‘Be aware that this anthology will be marketed to a wide female readership,’ it said in the submission call for Sinful Pleasures.
As a line, it looks innocuous.
As a reality, it’s about as innocuous as a bear pit.
‘A wide female readership.’
So – something that will appeal to lots of different women? Or something that will appeal to some women, and hope that the whole rest of womankind is covered by the other authors?
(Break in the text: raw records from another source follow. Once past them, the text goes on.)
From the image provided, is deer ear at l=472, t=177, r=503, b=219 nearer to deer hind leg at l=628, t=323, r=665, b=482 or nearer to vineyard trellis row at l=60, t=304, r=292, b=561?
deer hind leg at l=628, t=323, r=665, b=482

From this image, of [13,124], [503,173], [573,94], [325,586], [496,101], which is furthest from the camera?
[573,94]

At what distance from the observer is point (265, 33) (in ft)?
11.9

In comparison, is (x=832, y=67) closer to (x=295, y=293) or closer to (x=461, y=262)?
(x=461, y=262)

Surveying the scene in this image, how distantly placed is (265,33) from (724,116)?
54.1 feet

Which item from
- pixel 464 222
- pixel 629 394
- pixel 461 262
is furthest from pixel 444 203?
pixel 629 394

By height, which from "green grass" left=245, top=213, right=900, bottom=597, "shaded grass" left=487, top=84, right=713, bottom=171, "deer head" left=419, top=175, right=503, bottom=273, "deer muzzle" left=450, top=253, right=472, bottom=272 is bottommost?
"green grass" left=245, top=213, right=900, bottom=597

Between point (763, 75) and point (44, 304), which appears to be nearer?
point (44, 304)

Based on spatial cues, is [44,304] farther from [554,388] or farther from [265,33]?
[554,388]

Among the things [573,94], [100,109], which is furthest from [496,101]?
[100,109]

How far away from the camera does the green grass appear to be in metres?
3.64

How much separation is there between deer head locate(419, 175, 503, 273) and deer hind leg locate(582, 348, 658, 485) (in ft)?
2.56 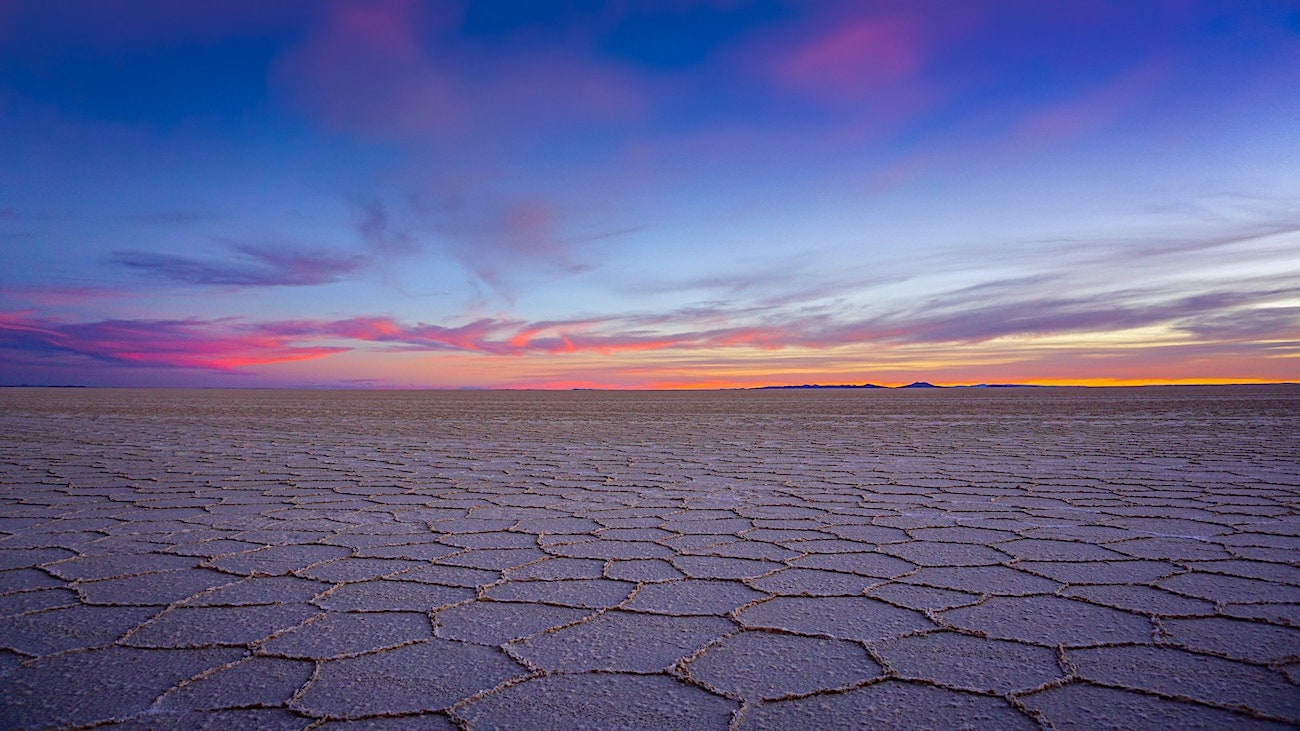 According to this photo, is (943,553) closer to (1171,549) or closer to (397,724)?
(1171,549)

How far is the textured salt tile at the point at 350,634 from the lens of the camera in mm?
1579

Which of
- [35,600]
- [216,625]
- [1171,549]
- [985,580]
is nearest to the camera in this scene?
[216,625]

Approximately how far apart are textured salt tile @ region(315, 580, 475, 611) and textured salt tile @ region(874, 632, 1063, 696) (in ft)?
3.68

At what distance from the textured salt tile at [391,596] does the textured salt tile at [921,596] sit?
114 cm

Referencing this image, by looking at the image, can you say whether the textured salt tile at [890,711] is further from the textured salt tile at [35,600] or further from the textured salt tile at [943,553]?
the textured salt tile at [35,600]

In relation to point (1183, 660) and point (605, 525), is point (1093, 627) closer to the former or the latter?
point (1183, 660)

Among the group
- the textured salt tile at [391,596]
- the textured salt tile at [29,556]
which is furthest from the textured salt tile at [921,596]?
the textured salt tile at [29,556]

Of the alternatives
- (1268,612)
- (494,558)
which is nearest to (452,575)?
(494,558)

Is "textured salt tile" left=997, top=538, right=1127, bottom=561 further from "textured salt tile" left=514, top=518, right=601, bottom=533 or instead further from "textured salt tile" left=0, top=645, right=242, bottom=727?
"textured salt tile" left=0, top=645, right=242, bottom=727

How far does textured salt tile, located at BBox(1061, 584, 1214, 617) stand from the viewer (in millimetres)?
1818

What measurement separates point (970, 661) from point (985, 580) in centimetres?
68

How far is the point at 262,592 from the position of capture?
200cm

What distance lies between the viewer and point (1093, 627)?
1.71 m

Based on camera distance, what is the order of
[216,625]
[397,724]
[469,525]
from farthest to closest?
[469,525], [216,625], [397,724] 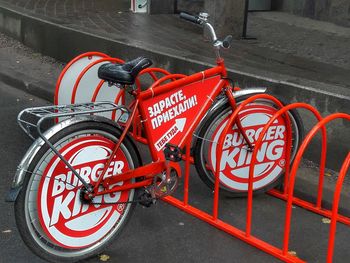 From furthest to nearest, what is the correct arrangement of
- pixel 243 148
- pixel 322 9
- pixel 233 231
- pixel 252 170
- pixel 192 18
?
pixel 322 9 → pixel 243 148 → pixel 192 18 → pixel 233 231 → pixel 252 170

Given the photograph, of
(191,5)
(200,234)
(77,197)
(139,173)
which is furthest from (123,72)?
(191,5)

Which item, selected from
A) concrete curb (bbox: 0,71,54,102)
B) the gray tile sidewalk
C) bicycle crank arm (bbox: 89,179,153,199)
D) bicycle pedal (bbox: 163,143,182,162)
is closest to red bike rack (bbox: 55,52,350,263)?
bicycle pedal (bbox: 163,143,182,162)

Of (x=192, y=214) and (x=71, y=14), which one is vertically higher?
(x=71, y=14)

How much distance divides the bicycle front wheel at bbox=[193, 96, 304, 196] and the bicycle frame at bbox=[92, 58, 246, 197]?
14 centimetres

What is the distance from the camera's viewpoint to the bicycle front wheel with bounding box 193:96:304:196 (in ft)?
14.9

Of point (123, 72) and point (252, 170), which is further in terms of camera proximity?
point (252, 170)

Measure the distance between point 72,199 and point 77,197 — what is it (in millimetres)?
36

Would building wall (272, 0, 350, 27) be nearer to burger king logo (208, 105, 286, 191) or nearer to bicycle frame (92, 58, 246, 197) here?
burger king logo (208, 105, 286, 191)

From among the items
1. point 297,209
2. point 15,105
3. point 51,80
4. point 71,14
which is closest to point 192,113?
point 297,209

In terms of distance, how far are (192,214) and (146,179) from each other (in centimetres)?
70

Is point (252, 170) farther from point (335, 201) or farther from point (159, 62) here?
point (159, 62)

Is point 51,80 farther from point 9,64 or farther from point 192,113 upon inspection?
point 192,113

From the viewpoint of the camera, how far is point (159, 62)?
6.96 metres

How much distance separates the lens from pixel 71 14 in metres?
10.6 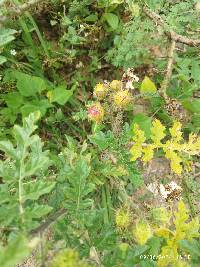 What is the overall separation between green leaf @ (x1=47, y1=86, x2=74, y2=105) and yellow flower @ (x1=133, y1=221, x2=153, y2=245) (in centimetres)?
110

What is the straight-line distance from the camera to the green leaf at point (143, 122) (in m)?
2.70

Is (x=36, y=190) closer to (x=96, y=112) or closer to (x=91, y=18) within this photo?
(x=96, y=112)

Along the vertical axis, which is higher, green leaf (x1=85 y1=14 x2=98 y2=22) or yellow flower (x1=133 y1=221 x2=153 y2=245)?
green leaf (x1=85 y1=14 x2=98 y2=22)

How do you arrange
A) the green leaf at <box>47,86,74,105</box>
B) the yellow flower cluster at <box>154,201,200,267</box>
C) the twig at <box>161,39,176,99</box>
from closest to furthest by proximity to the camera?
the yellow flower cluster at <box>154,201,200,267</box>, the twig at <box>161,39,176,99</box>, the green leaf at <box>47,86,74,105</box>

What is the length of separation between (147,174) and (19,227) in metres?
1.75

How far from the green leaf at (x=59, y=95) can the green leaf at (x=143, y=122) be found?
1.41 ft

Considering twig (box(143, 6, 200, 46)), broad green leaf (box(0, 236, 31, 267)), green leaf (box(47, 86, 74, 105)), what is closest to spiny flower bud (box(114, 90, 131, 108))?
twig (box(143, 6, 200, 46))

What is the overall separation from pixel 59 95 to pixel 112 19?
25.2 inches

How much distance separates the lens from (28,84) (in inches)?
109

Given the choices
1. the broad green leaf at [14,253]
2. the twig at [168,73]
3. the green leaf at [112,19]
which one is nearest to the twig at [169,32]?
the twig at [168,73]

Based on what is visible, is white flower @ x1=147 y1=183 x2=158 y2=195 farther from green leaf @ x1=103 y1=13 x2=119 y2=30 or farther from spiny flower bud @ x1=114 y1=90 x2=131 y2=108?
green leaf @ x1=103 y1=13 x2=119 y2=30

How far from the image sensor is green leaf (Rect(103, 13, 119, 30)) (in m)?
2.98

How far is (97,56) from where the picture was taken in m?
3.10

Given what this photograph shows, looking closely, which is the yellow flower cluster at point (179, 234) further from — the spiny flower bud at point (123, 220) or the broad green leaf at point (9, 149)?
the broad green leaf at point (9, 149) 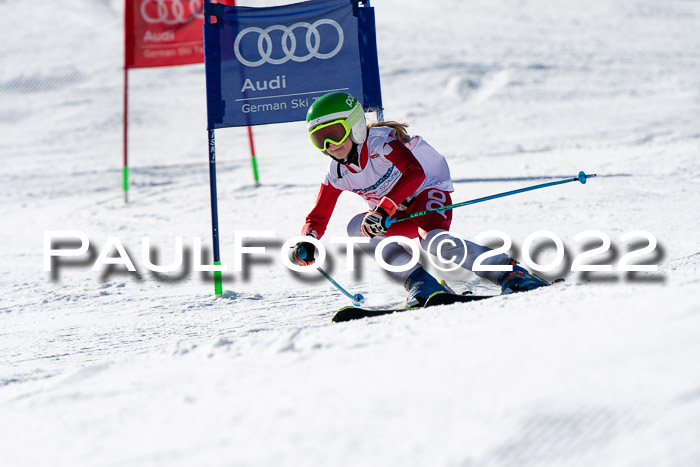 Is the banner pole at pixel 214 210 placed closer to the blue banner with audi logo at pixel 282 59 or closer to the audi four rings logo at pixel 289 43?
the blue banner with audi logo at pixel 282 59

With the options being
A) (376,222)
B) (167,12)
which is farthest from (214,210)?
(167,12)

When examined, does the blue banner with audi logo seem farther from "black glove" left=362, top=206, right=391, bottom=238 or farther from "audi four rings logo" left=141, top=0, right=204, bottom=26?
"audi four rings logo" left=141, top=0, right=204, bottom=26

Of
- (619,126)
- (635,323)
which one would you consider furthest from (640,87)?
(635,323)

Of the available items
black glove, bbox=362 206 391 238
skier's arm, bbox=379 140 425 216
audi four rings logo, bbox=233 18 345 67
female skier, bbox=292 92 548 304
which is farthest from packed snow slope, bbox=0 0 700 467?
audi four rings logo, bbox=233 18 345 67

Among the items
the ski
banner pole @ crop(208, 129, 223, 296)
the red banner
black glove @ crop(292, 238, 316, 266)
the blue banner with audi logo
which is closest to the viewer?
the ski

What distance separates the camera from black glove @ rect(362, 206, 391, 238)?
3955 mm

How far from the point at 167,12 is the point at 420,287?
19.6ft

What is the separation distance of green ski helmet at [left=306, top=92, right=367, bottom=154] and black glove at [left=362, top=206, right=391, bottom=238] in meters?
0.43

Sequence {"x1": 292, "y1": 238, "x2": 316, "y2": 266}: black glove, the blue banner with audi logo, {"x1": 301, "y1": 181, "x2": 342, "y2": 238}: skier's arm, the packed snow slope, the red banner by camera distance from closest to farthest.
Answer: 1. the packed snow slope
2. {"x1": 292, "y1": 238, "x2": 316, "y2": 266}: black glove
3. {"x1": 301, "y1": 181, "x2": 342, "y2": 238}: skier's arm
4. the blue banner with audi logo
5. the red banner

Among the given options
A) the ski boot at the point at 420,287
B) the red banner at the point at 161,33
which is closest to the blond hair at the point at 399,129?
the ski boot at the point at 420,287

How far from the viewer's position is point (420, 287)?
4086 millimetres

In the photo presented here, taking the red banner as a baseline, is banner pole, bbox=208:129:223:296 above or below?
below

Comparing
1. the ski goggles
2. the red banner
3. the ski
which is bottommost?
the ski

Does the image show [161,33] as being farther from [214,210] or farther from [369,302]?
[369,302] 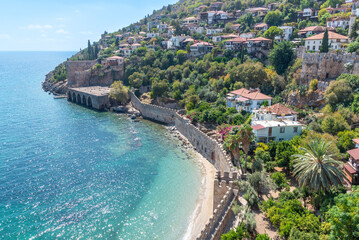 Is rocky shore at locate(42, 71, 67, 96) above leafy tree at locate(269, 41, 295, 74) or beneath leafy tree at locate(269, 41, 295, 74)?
beneath

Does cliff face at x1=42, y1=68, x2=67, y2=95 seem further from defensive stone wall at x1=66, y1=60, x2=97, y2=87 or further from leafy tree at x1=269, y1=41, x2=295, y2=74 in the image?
leafy tree at x1=269, y1=41, x2=295, y2=74

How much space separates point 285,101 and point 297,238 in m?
32.7

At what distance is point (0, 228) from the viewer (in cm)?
2419

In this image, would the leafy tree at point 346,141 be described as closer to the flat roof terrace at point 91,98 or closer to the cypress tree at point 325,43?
the cypress tree at point 325,43

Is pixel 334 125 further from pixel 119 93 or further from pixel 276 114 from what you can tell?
pixel 119 93

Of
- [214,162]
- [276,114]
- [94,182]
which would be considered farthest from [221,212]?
[276,114]

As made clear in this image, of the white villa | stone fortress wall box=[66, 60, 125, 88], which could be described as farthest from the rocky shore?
the white villa

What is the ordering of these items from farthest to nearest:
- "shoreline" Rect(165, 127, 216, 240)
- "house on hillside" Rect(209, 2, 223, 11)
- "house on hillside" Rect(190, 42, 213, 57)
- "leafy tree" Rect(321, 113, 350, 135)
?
1. "house on hillside" Rect(209, 2, 223, 11)
2. "house on hillside" Rect(190, 42, 213, 57)
3. "leafy tree" Rect(321, 113, 350, 135)
4. "shoreline" Rect(165, 127, 216, 240)

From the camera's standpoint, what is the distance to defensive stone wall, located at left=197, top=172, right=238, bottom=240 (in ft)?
61.6

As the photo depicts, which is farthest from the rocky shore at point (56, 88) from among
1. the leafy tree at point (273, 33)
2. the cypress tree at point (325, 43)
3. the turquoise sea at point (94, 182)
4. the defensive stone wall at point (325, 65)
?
the cypress tree at point (325, 43)

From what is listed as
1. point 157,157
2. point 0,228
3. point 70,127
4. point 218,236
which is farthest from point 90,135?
point 218,236

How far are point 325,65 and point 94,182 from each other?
138ft

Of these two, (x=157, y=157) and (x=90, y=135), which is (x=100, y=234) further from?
(x=90, y=135)

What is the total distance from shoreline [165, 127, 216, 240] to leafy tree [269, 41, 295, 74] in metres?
27.5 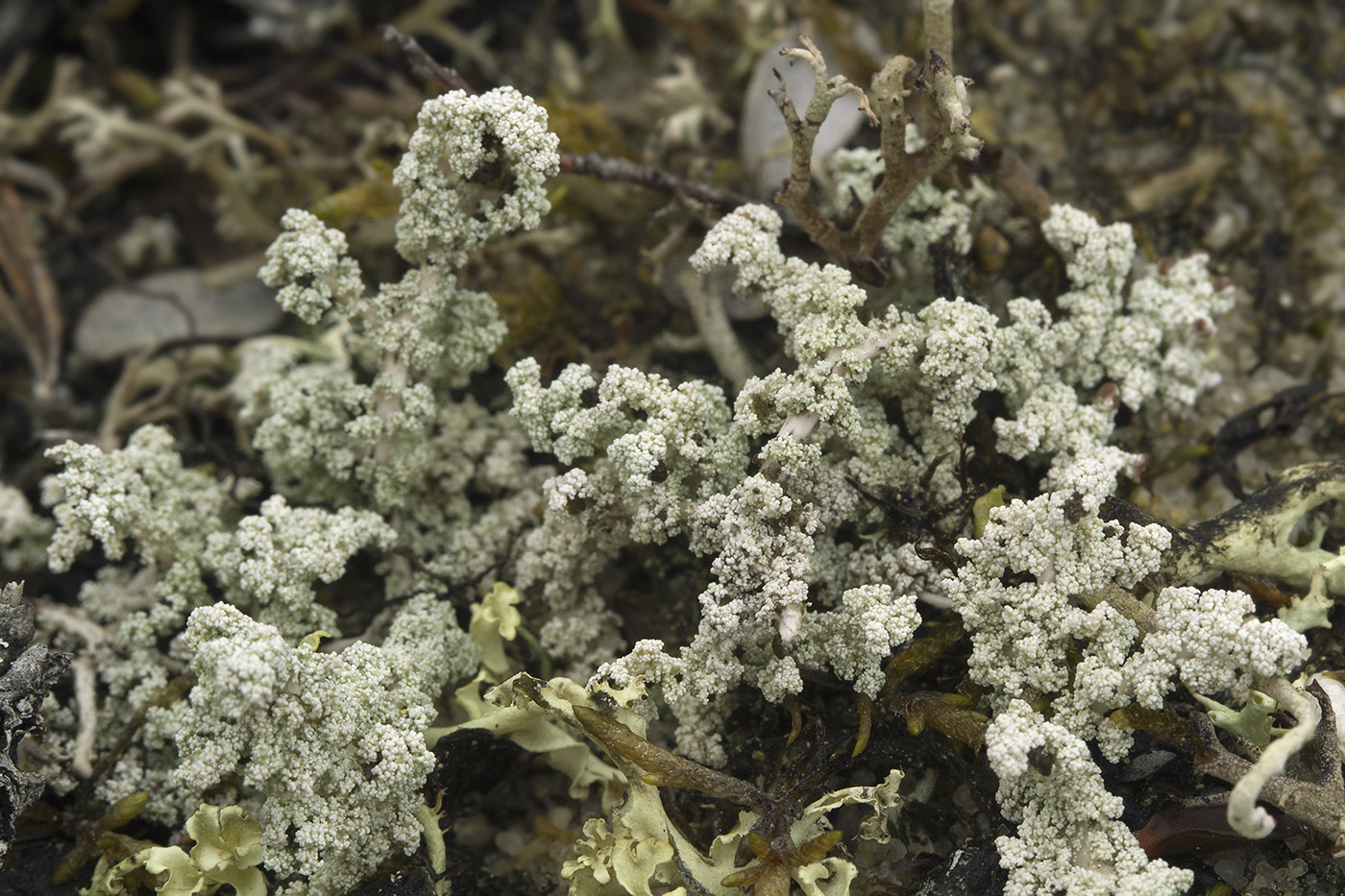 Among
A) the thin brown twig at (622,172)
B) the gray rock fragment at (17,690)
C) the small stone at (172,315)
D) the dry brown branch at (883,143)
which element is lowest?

Where that sort of questioning gets troublesome is when you’re a bloke, and you’re never written erotica before in your life, and you discover the submission call the night before the deadline. Where it gets even more troublesome is when you remember the trailblazing book and series that most appealed to a wide female readership in recent history, and blew the doors off erotica as a niche, so that wives and mothers, students and teens were all reading it, openly, on trains and buses, on commutes and in coffee shops. Because in spite of its legendary lack of literary merit, that book was Fifty Shades of Grey, EL James’ modern dark fairy tale of a naïve ‘princess’ and the Prince Millionaire, if not exactly Prince Charming or Prince Respectful Of Boundaries, who leads her into a world of sexual satisfaction she never previously knew existed. Yes, it’s BDSM For Dummies, including some staggering misrepresentations, at least a bit of stalking, and very possibly a rape, but there’s no getting away from the fact that, unlike almost everything that went before it, Fifty Shades launched a profit-driven assault on prudery, and appealed to a wide female readership.
So – Fifty Shades Of Fyler, then?
Err…no.
But it did get me thinking. Fantasy and escapism are glorious things, especially in the world of erotica, where the mind can take us into any scenario. But if the leading trailblazer for erotica for ‘a wide female readership’ was pure escapism, how many women out there saw themselves as the stars of their own lives? As owners of their own erotic wonderland?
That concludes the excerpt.